Match Report -
The end of a disappointing season
By Iain Benson
Reed's reign ended with a whimper, not a bang as Celtic finished the season with a summation of it. Trinity put in the effort to the end, gaining the result, despite the game being nothing more than a formality.

In an even first half, the opening gambit came from the home side; a long throw coming to Graves who took the first time shot forcing Bishop into a decent stop in the opening few minutes. Graves was handed another chance with a whipped in right side cross from Anson, but he headed wide of the mark.

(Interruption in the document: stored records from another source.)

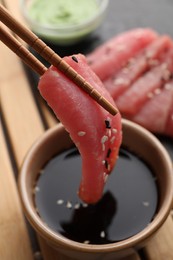 Photo of Dipping tasty sashimi (piece of fresh raw tuna with sesame seeds) into soy sauce at table, closeup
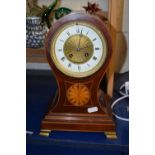 An Edwardian mantel clock in balloon type mahogany case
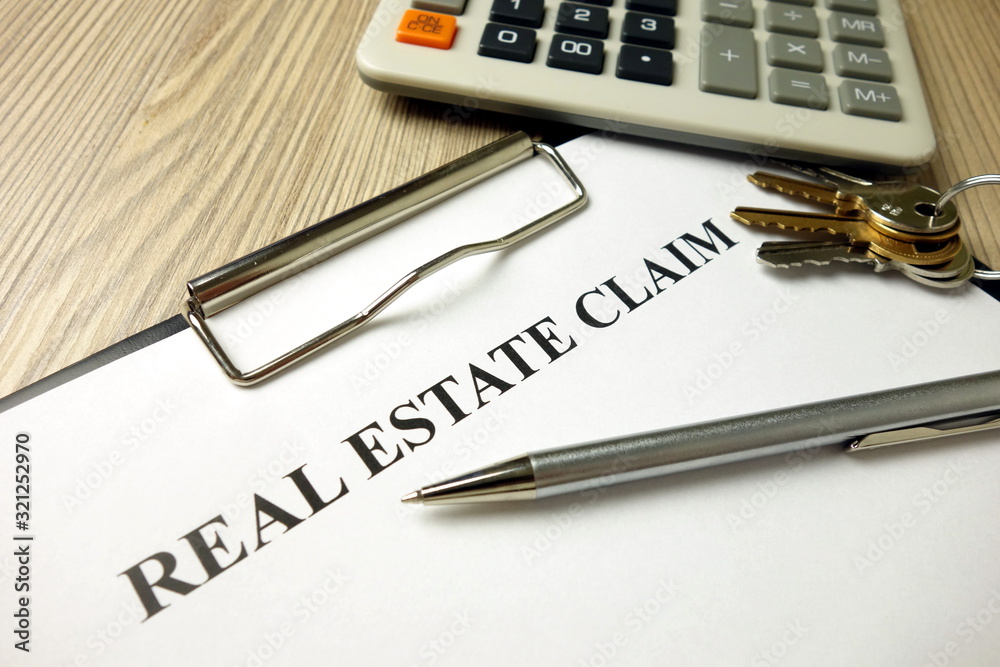 Fototapeta premium Real estate claim form with pen keys and calculator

Prince looked to be enjoying the sunshine, and displayed some of his fine footwork to the travelling horde of Celtic supporters, before whipping in a great ball for Matty Barlow, and had the on-loan Oldham lad been an inch taller, he would have opened the scoring. Olsen too had a few tricks of his own, and he curled in a fine cross for Sykes, but it was just behind him, Sykes recovered well and picked out Hume near the penalty spot, but though Hume took the shot it was narrowly wide. Hume was on target moments later when Barlow burst through the defence and picked him out nicely, but his thunderous shot was straight at Sollitt in the Trinity nets.

The second half continued in the same vein with an ebb and flow. Prince put in a great cross for Barlow, but the exceptionally tall, and ironically named, Lowe beat him to the header, just. Celtic's best chance of the half came after an exceptional run from Prince, weaving and dodging challenges flying in from both sides, before putting an inch perfect ball into the back post for Hume arriving, and only an outstanding blocking save from Sollitt denied Hume the opening goal.

At the other end, Kay almost gifted Trinity a goal when he tried a square ball back pass to Bishop leaving the Celtic keeper facing an on-rushing Graves. Graves was always the favourite and Bishop did really well to force Graves to go wide, before attempting to shoot whilst off balance and screwing his shot for an empty net embarrassingly wide.

As the game went into the final period, the home side remained focused, and the Celtic team just went to sleep in the warm sunshine. Mallon struck a sweet shot from the corner of the box, the ball thudding against the inside of the post and coming out to Bird, who struck it first time forcing a great reaction save from Bishop pushing the ball out. Trinity kept coming, and Anson was allowed to run to the near post; the defence were sucked in and he put it across the six yard box to Mallon stood unmarked at the back for a tap-in that is the double of several dozen goals that Celtic have conceded this season.

A few minutes later and the game was over. Substitute Bird picked up the ball near the corner flag, looked to be putting a ball through the six-yard box, but as nobody got on it, the ball rebounded off the post and into the back of the net.

Celtic did have a chance of grabbing a consolation. Another mazy run from Prince before dropping it off to Smith who picked out the run of Maxfield (on for Barlow!) perfectly, but the makeshift centre forward shot over the bar from the edge of the box.

Celtic's final position then is eighteenth, and a disappointing season comes to an end. There is next season to look forward to, with a new manager, a new chairman and (possibly) a new team!